> What is needed:
Copy the data precisely, character for character, and leave out every picture.

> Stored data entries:

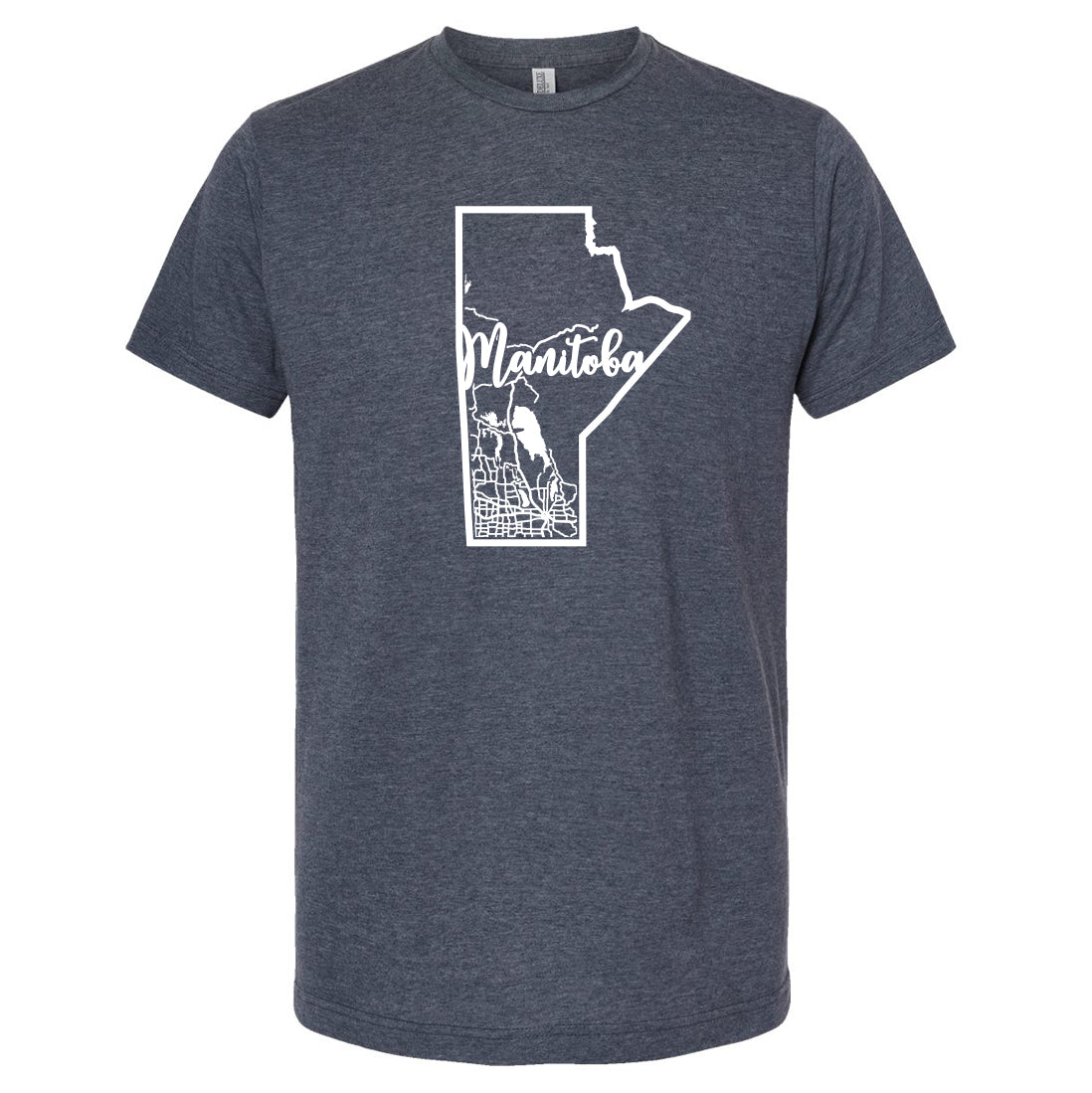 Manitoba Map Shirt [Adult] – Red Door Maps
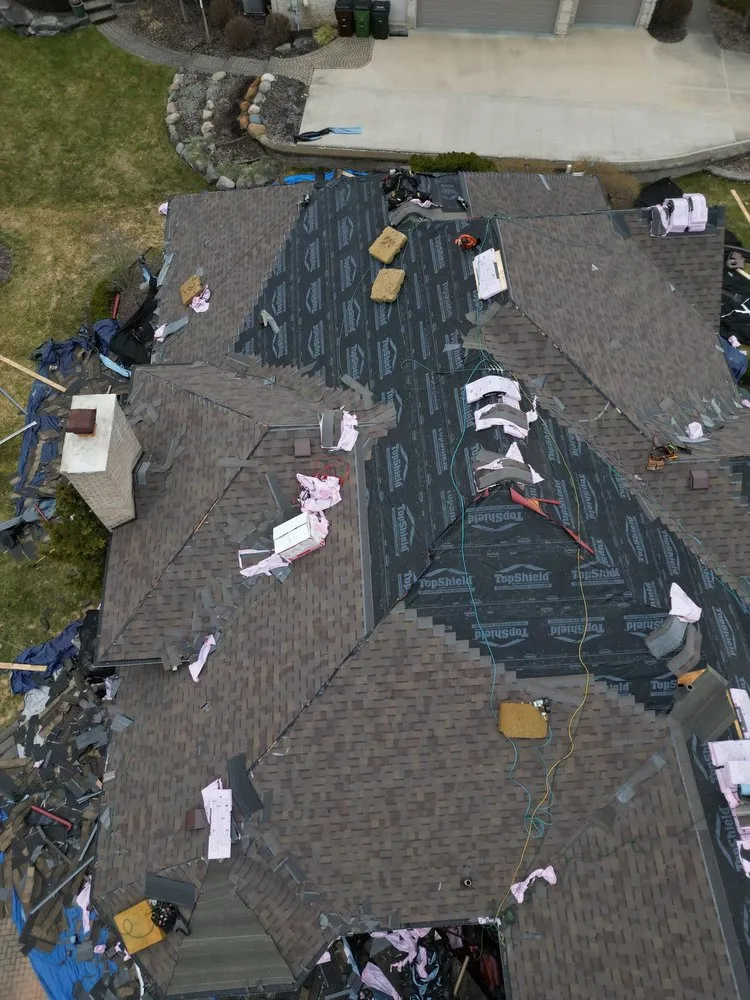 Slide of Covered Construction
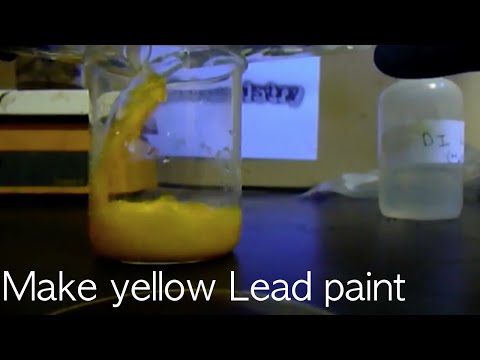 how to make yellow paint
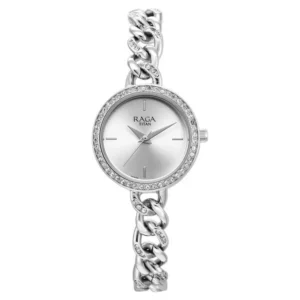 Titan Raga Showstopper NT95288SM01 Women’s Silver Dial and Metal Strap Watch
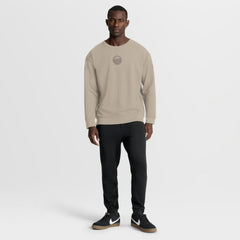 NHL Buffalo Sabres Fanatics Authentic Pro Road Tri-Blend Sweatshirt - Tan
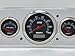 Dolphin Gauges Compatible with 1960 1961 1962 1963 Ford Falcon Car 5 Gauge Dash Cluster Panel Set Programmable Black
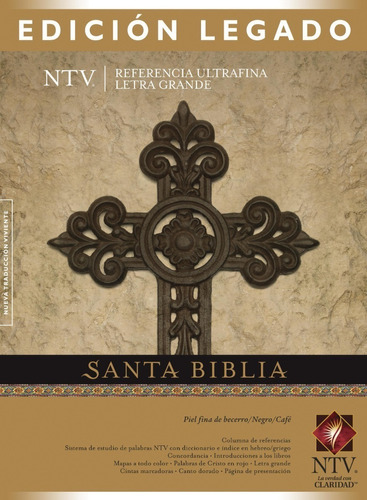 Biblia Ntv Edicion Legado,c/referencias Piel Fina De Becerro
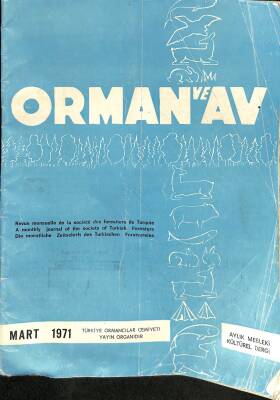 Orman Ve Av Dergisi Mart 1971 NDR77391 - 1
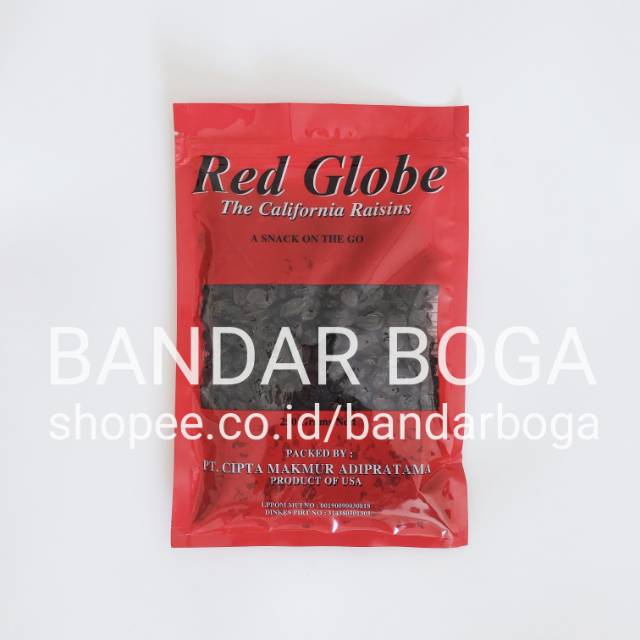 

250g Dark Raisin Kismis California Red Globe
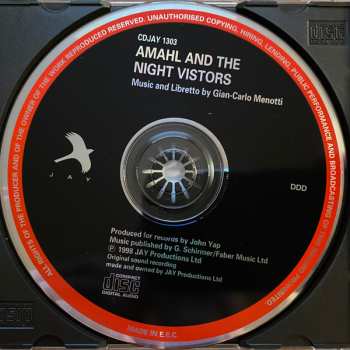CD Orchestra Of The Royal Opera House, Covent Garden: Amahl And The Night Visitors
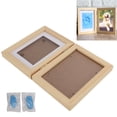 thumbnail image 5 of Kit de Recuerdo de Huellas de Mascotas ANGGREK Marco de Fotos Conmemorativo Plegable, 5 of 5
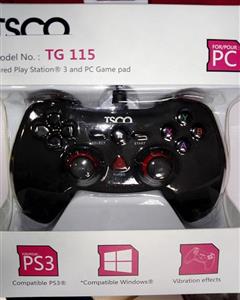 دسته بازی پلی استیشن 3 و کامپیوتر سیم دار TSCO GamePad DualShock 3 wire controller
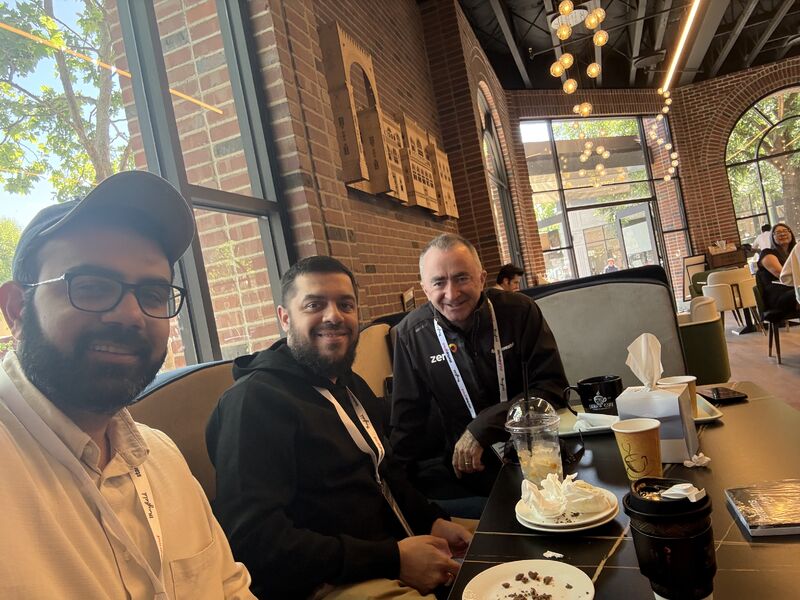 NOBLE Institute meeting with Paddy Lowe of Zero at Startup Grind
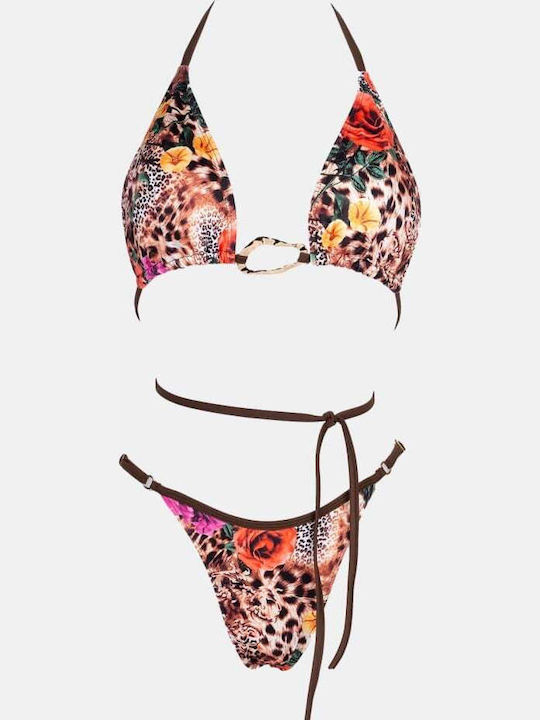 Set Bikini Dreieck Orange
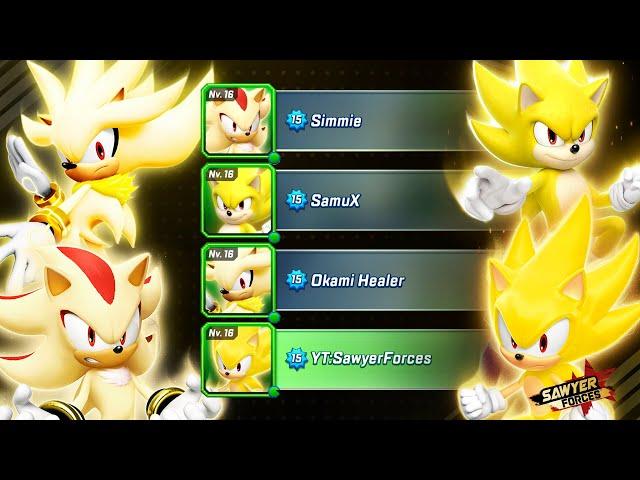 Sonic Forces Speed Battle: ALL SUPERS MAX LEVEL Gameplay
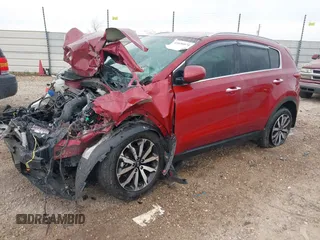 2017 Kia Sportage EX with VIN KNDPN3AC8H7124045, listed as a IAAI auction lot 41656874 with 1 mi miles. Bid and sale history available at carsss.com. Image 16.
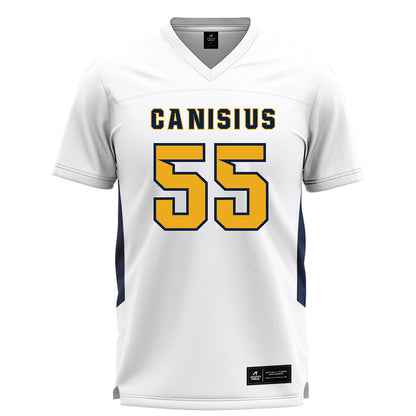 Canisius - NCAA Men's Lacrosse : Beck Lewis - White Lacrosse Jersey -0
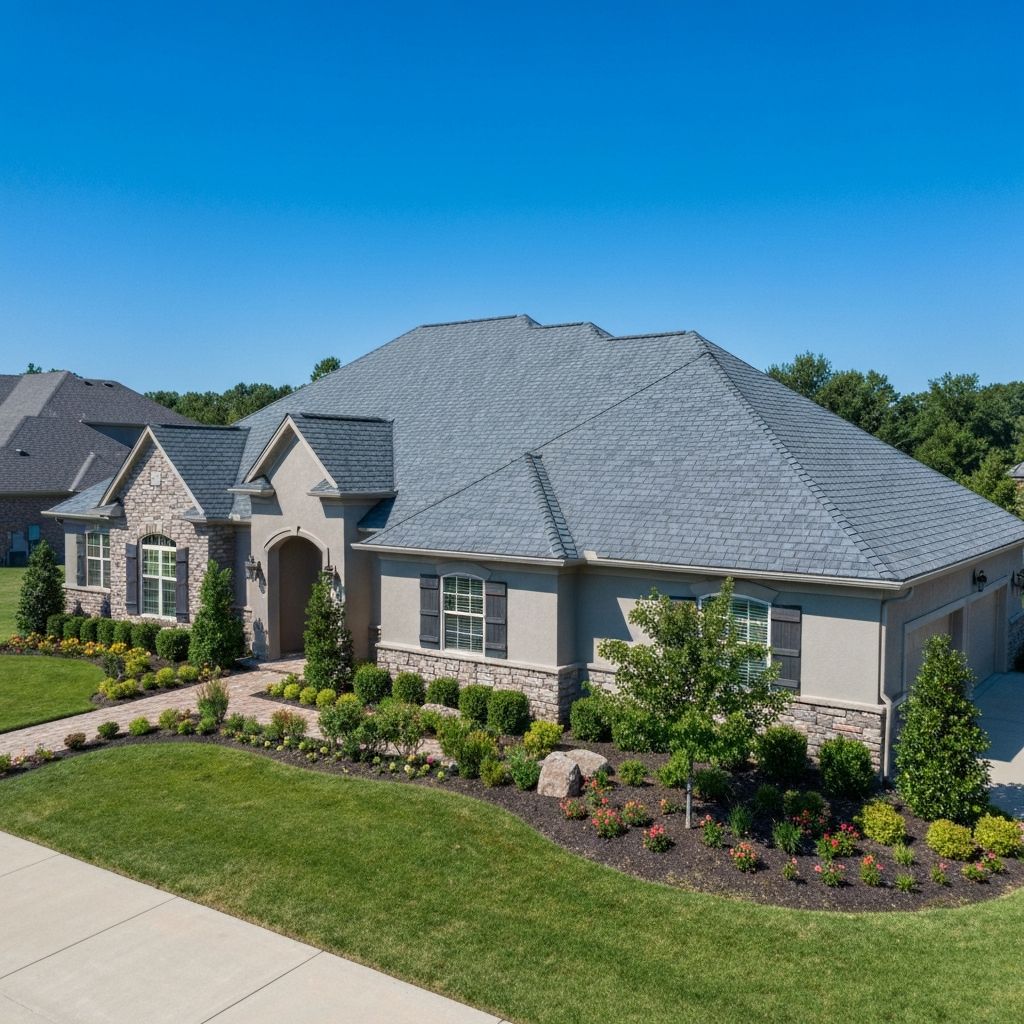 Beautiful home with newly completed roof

> Solved problem:
 Manitoba Map Shirt [Adult] – Red Door Maps
 Slide of Covered Construction
 how to make yellow paint
 Titan Raga Showstopper NT95288SM01 Women’s Silver Dial and Metal Strap Watch
 NHL Buffalo Sabres Fanatics Authentic Pro Road Tri-Blend Sweatshirt - Tan
 Dolphin Gauges Compatible with 1960 1961 1962 1963 Ford Falcon Car 5 Gauge Dash Cluster Panel Set Programmable Black
 Biblia Ntv Edicion Legado,c/referencias Piel Fina De Becerro
 Orman Ve Av Dergisi Mart 1971 NDR77391 - 1

250g Dark Raisin Kismis California Red Globe
CD Orchestra Of The Royal Opera House, Covent Garden: Amahl And The Night Visitors
 thumbnail image 5 of Kit de Recuerdo de Huellas de Mascotas ANGGREK Marco de Fotos Conmemorativo Plegable, 5 of 5
 دسته بازی پلی استیشن 3 و کامپیوتر سیم دار TSCO GamePad DualShock 3 wire controller
 NOBLE Institute meeting with Paddy Lowe of Zero at Startup Grind
 Set Bikini Dreieck Orange
 Sonic Forces Speed Battle: ALL SUPERS MAX LEVEL Gameplay
 2017 Kia Sportage EX with VIN KNDPN3AC8H7124045, listed as a IAAI auction lot 41656874 with 1 mi miles. Bid and sale history available at carsss.com. Image 16.
 Canisius - NCAA Men's Lacrosse : Beck Lewis - White Lacrosse Jersey -0
 Beautiful home with newly completed roof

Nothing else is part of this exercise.